Space: seen can hold up to all distinct IDs, out holds up to all unique rows → O(n) extra space in worst case.

**Pattern 2** — Dedup by Entire Row (Exact Row Equality)

**Problem:**
You have fully duplicated rows (same all fields), possibly from double loading, file replays, or idempotent write issues. You want to keep one copy of each unique row.

**Task:**
Given a list of dict rows, remove exact duplicates where all key–value pairs match.

In [0]:
rows = [
    {"user": "alice", "event": "click", "ts": "2025-11-29T10:00:00"},
    {"user": "alice", "event": "click", "ts": "2025-11-29T10:00:00"},  # full duplicate
    {"user": "bob",   "event": "view",  "ts": "2025-11-29T10:00:05"},
    {"user": "alice", "event": "click", "ts": "2025-11-29T10:00:00"},  # full duplicate
]

In [0]:
"""
Idea (Canonical Tuple for Dict Row)
Dicts are not hashable, so we cannot put them directly in a set.

Trick:
- Convert each row dict into a *canonical* hashable form:
  tuple(sorted(row.items()))
- This normalizes key order: {"a":1,"b":2} and {"b":2,"a":1} map
  to the same tuple.
- Use a set of these tuples to track which full rows we've seen.

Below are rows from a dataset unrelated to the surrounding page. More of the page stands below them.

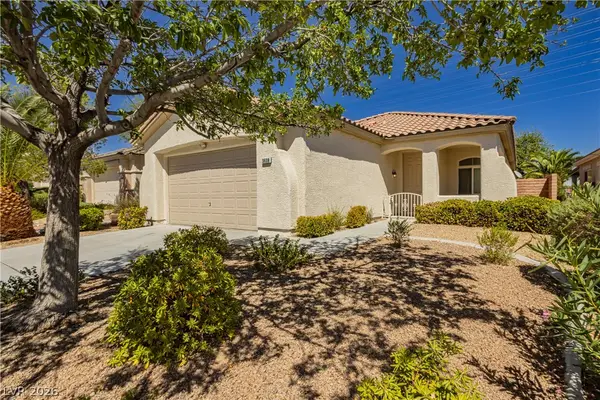 3608 Australian Cloud Drive, Las Vegas, NV 89135
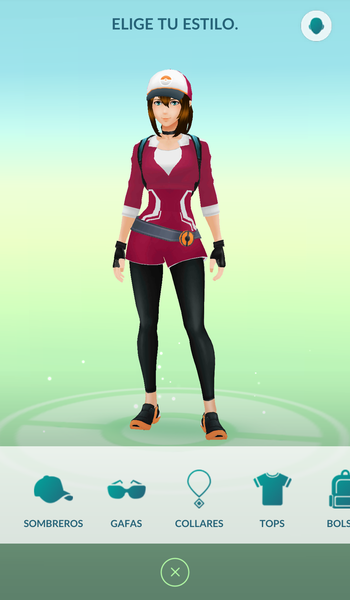 Archivo:Personalización del avatar (mujer) Pokémon GO.png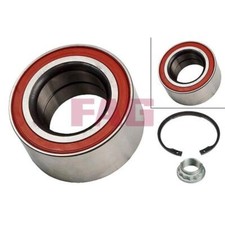 Roulement de roue BMW SERIE 1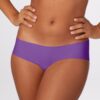Maidenform Womens Comfort Devotion® Flawless No Show Cheeky Hipster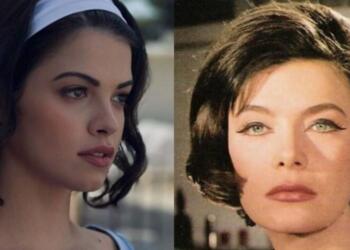 Έγινε 23 ετών και εντυπωσιάζει: Η εγγονή της Τζένης Καρέζη κληρονόμησε την ομορφιά και το ταλέντο της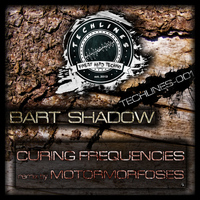 Bart Shadow - Curing Frequencies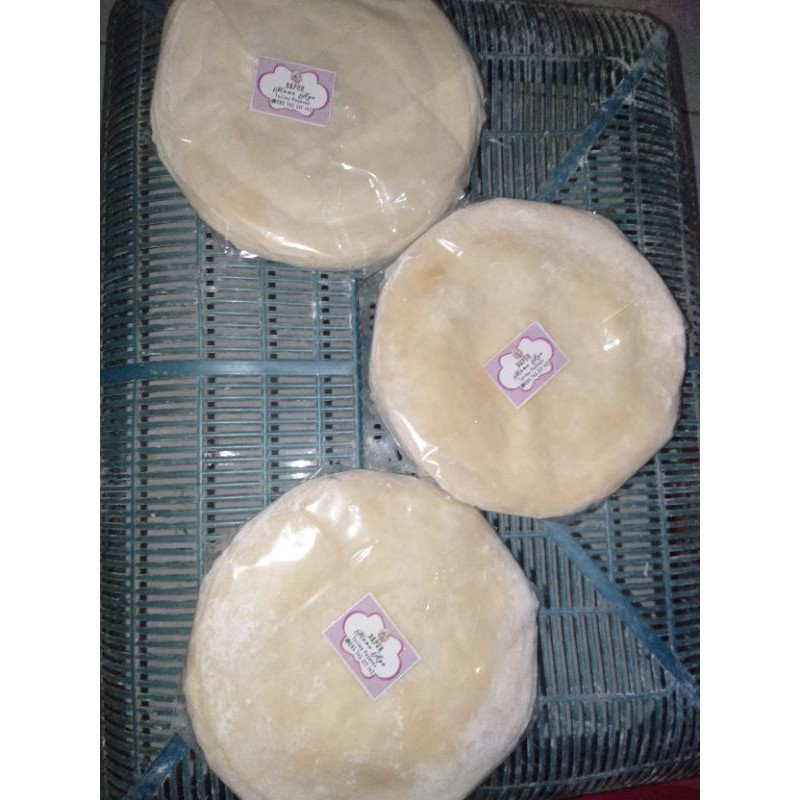 

kulitlumpiadapurmamaayu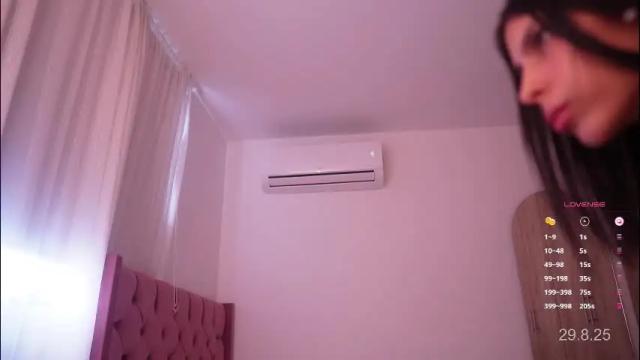 Image 12 of veronica_mendez1 Stream on Chaturbate on 1 month ago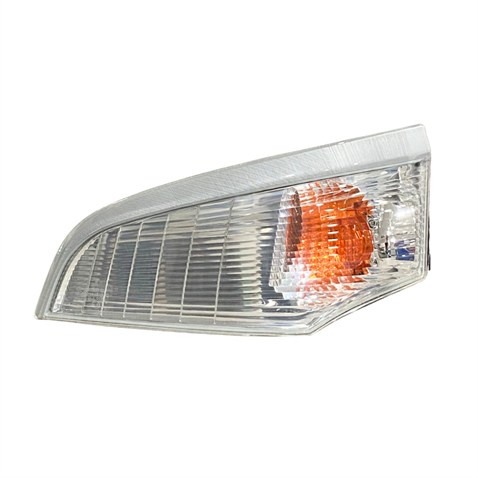 DEPO SİNYAL LAMBASI (FAR ÜSTÜ) (DUYSUZ) MITSUBISHI FUSO CANTER 2006-2012 SOL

If canonical_row not in seen:
    add to seen and append original row to output.
"""

def dedup_by_entire_row(rows):
    seen = set()
    out = []
    for row in rows:
        key = tuple(sorted(row.items()))
        if key not in seen:
            seen.add(key)
            out.append(row)
    return out


deduped = dedup_by_entire_row(rows)
# [
#   {"user": "alice", "event": "click", "ts": "2025-11-29T10:00:00"},
#   {"user": "bob",   "event": "view",  "ts": "2025-11-29T10:00:05"},
# ]


**Why this pattern (Dedup by Entire Row)?**

Used when no single ID uniquely identifies a record, but the entire row should be treated as the key.

Good for raw ingested logs or pre-join staging tables where duplicates are byte-for-byte identical.

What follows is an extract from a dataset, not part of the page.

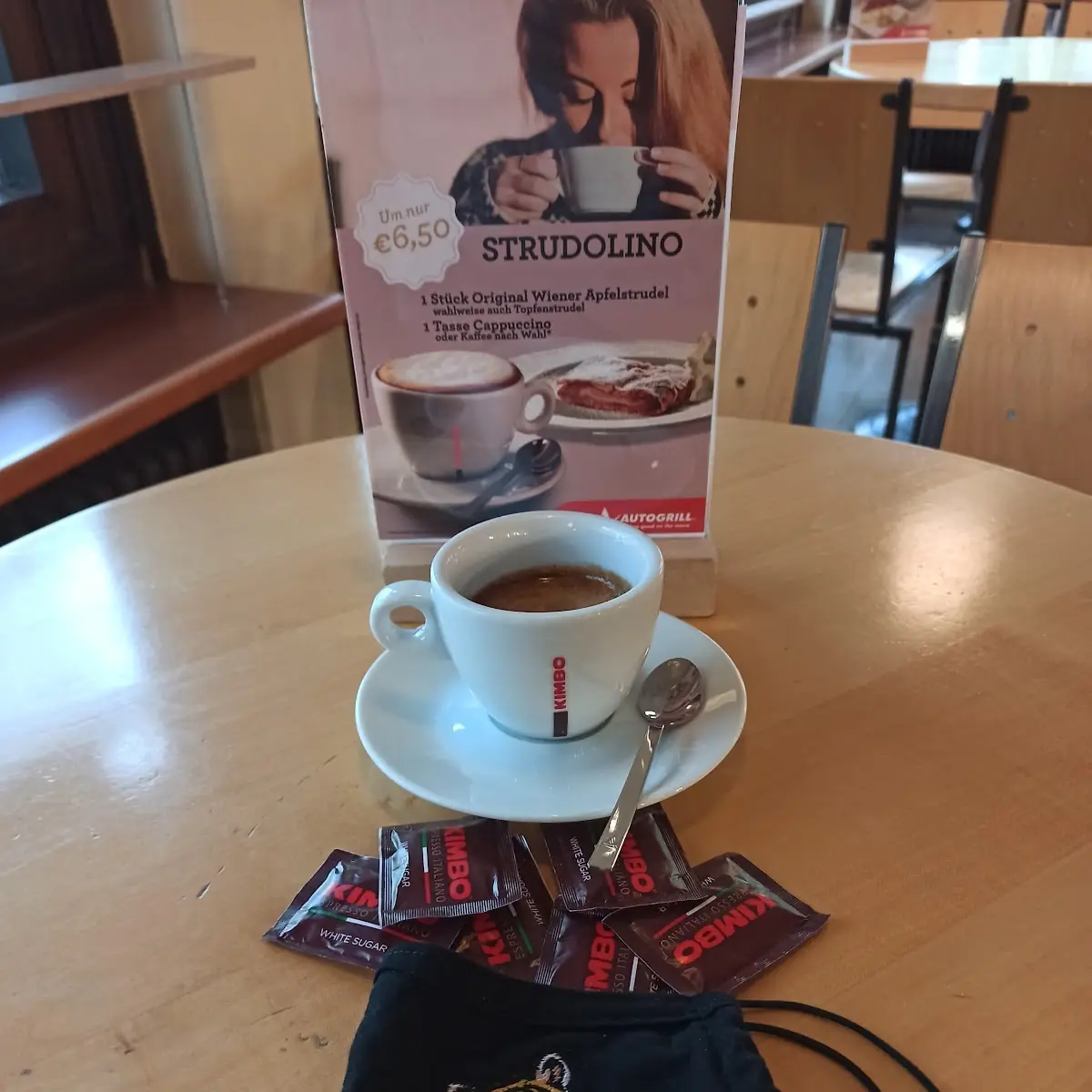 Espresso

Canonicalization via sorted(row.items()) ensures different key orders still dedup to the same logical row.

**Time & Space Complexity**

Let:

n = number of rows

k = average number of fields per row

Time: For each row, we sort its items() (O(k log k)) and insert into a set (O(1) amortized).
→ Overall ~ O(n · k log k).
In practice, k is usually small and treated as constant → often seen as O(n) in DE discussions.

Space: seen stores up to one canonical tuple per distinct row and out stores unique rows
→ O(n) extra space in the worst case.